Output the data below exactly, images excluded.

**Data block**:
*****
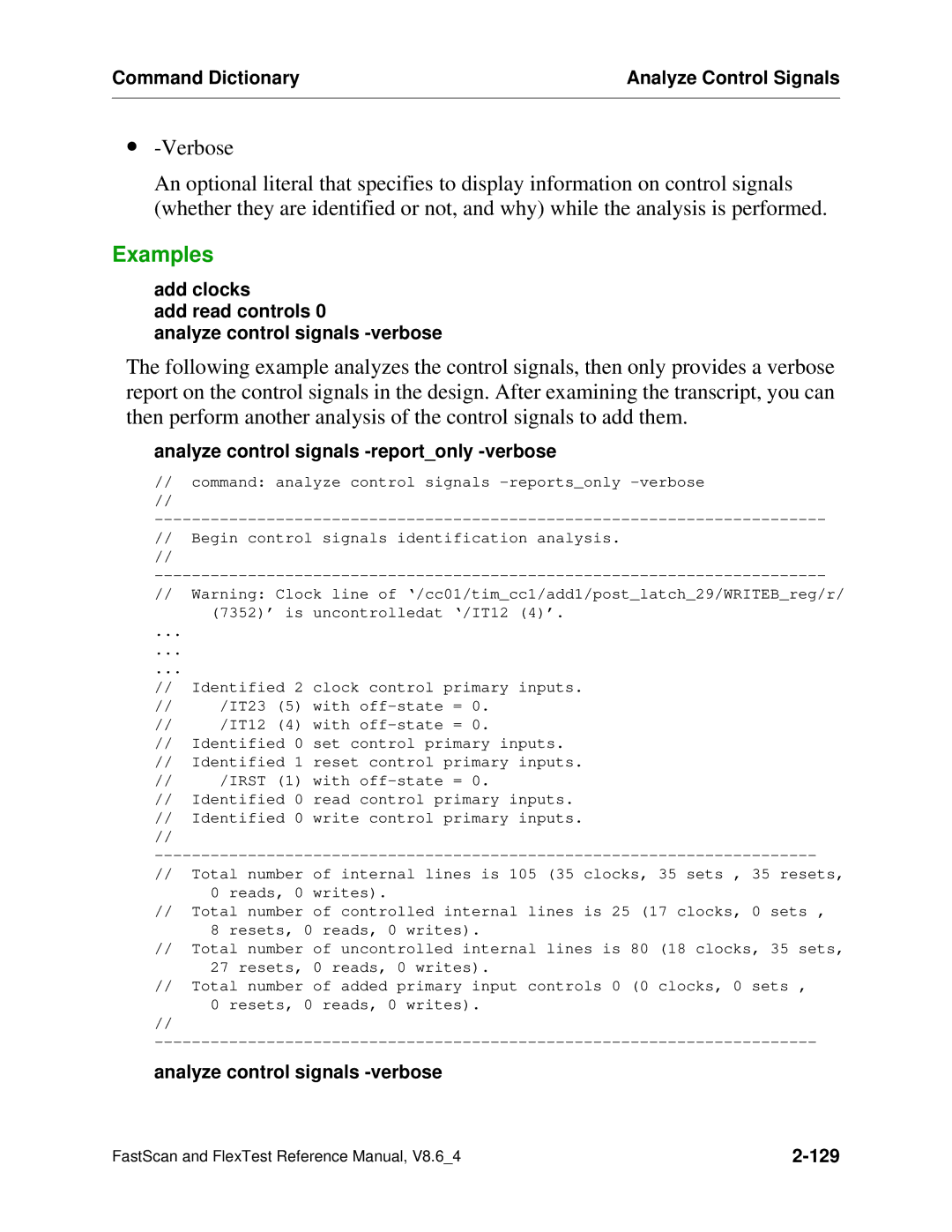 Mentor v8.6_4 manual Command Dictionary Analyze Control Signals 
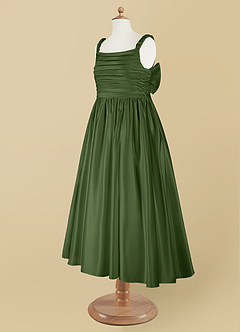 Azazie Cutie Pie Robe Demoiselle D'honneur Fillette Robe Trapèze en Mat Satiné Plissée Olive image9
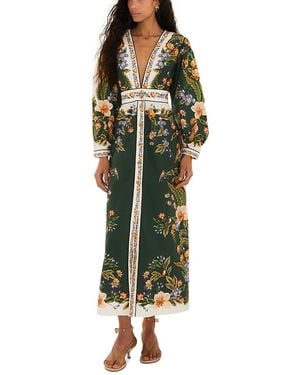 FARM Rio Linen Maxi Dress - Green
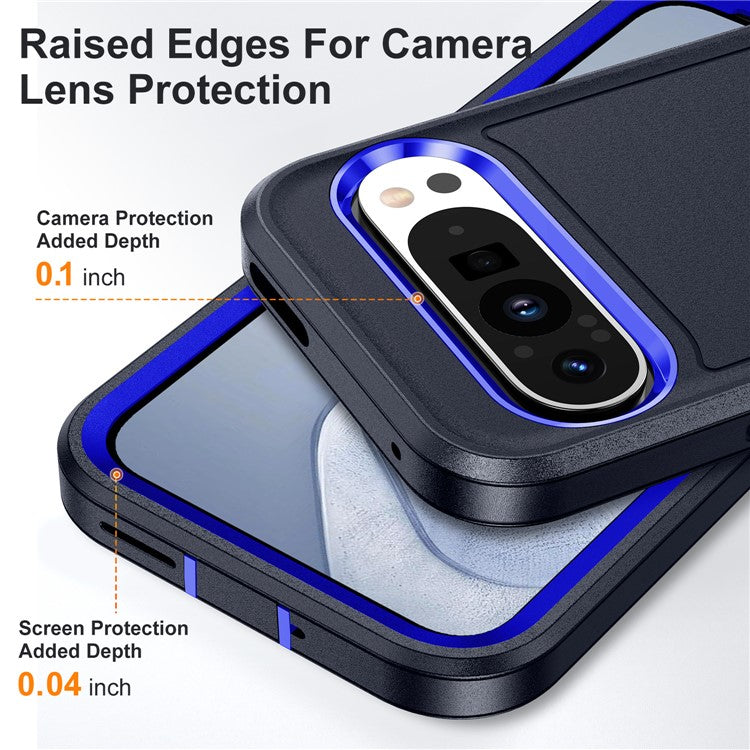 For Google Pixel 9 Pro / Pixel 9 Case Kickstand Phone Cover PC+Silicone+EVA 3-in-1 Design - Dark Blue+Sapphire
*****
**Written reply**:
 Mentor v8.6_4 manual Command Dictionary Analyze Control Signals 
 Azazie Cutie Pie Robe Demoiselle D'honneur Fillette Robe Trapèze en Mat Satiné Plissée Olive image9
 FARM Rio Linen Maxi Dress - Green
 For Google Pixel 9 Pro / Pixel 9 Case Kickstand Phone Cover PC+Silicone+EVA 3-in-1 Design - Dark Blue+Sapphire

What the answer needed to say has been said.